Last month I wrote a piece for Lion Brand Yarns that mentioned an almost century-old pattern that I've had my eye on. This is it:
Look at that collar. Gorgeous, and perfectly practical for a pencil-neck like me who is prone to agonies of stiffness if I get even a whisper of draught down my back. I saw it, I want it, I'm going to make it.
Mind you, I'm going to change it. It's too long, for starters. As written,* it would hang to halfway down my thigh. Not pretty. I'm adding shaping in the torso, too–a taper from chest to waist.
It'll be gentle taper, because a sweater like this is meant to be a smidge loose. You put it on at home, in your study, when you've finally taken off your jacket and loosened your tie.

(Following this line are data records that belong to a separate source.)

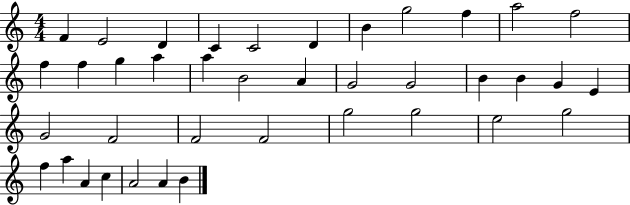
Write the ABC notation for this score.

X:1
T:Untitled
M:4/4
L:1/4
K:C
F E2 D C C2 D B g2 f a2 f2 f f g a a B2 A G2 G2 B B G E G2 F2 F2 F2 g2 g2 e2 g2 f a A c A2 A B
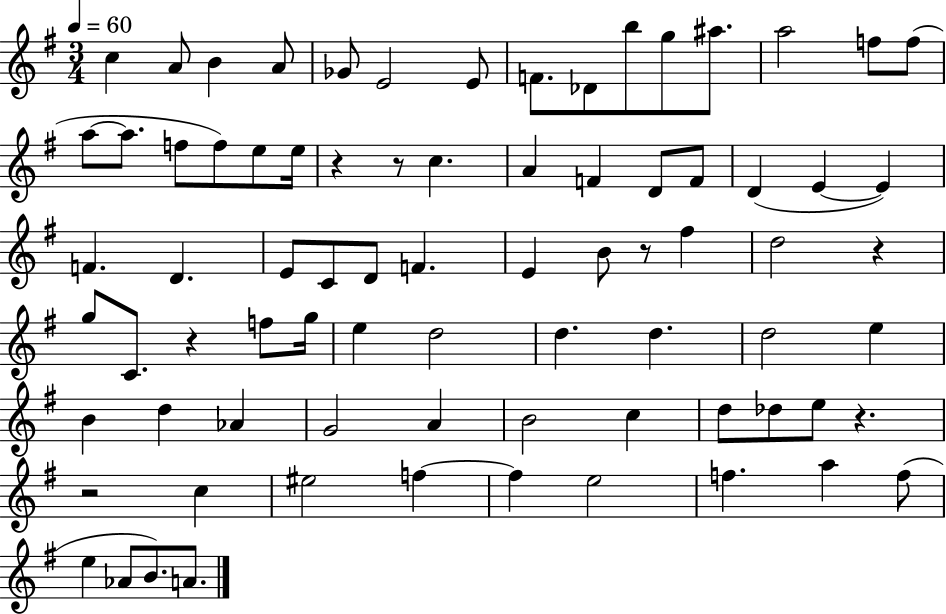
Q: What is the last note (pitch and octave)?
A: A4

It's not for the office. It's for quiet solitude. However, should somebody drop in on my solitude, I'd rather not have it hang on me like I'm wearing daddy's old bathrobe.

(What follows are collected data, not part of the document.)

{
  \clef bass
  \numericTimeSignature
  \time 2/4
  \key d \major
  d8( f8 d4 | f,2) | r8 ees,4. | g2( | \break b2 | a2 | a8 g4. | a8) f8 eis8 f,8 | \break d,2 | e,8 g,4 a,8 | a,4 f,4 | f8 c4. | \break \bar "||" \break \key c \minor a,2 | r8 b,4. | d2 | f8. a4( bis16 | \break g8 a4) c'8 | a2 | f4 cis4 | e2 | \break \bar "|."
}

So, the Product Knitter within wanted to knit the sweater in order to wear the sweater. The Process Knitter within–which is dominant–wanted to try out the pockets.
Here's a shot of one pocket.
As you can see, not much else happening for acres and acres of stockinette but that pocket. Marvelously smooth opening, no?
You make it by knitting to the point at which you want your pocket opening to lie. Then–without breaking the working yarn–you work only on the stitches that will form the interior of the pocket, knitting and purling back and forth on them until you have a strip that's twice the intended depth of the pocket.
Then you line up the live stitches of this strip with the live stitches you left sitting on your needle and–again, without breaking the working yarn–resume knitting across all your stitches. The strip, now folded in half, forms the interior of the pocket. It's very neat, and just requires seams up the sides when the piece is finished.
Here it is in hasty scribble form.
And here's what the actual pocket (finished except for side seams) looks like from the wrong side.
I like it. The opening is, of course, seamless. The method is straightforward. You must plan for your pockets in advance, of course–so the devil-may-care atttiude I enjoy when putting in afterthought pockets is replaced by the smug satisfaction of knowing that part of the work is done, and I can just motor on toward the front-and-back shaping.
The yarn is proving to be a perfect choice–LB Collection Organic Wool. It's soft (without being so namby-pamby that it'll start to pill before the sweater is complete), it's springy, it's cuddly as a puppy wrapped in polar fleece, and the rustic texture is a welcome accent for a piece that's otherwise so plain.
Really, really curious about the collar, since to be blunt I haven't the faintest idea of how it's going to work after reading the pattern fifty times. Sometimes you just have to buckle on the parachute and jump.
How I Got This Way
Speaking of Lion Brand, the most recent essay I wrote for them–"Inheritance"–talks about creativity running in families–though often your creative family tree will include folks who aren't necessarily blood relations. I enjoyed writing (and drawing) this one...and my mother left a comment. That was a good day.
Turning Weaving Into Knitting
Quick update on the bag that card weaver John Mullarkey and I are collaborating on, using HiKoo CoBaSi. John sent along four band designs to choose from. He'll use the band as the basis for the strap.
I settled on the second from the top. What he wove, I'm going to try to interpret (not necessarily copy) in knitting for the body of the bag. Joy of joys, it's swatch time! I'm thinking mosaic might be the way to go, for the highly scientific reason that I've never tried it and it looks interesting. But first, we chart.
More to come.
*If you want it, the pattern is in the facsimile edition of the 1916 Lion Yarn Book that is available here. Facsimile means it's an unaltered copy of the original–so you'd be working from the period pattern, just as I am.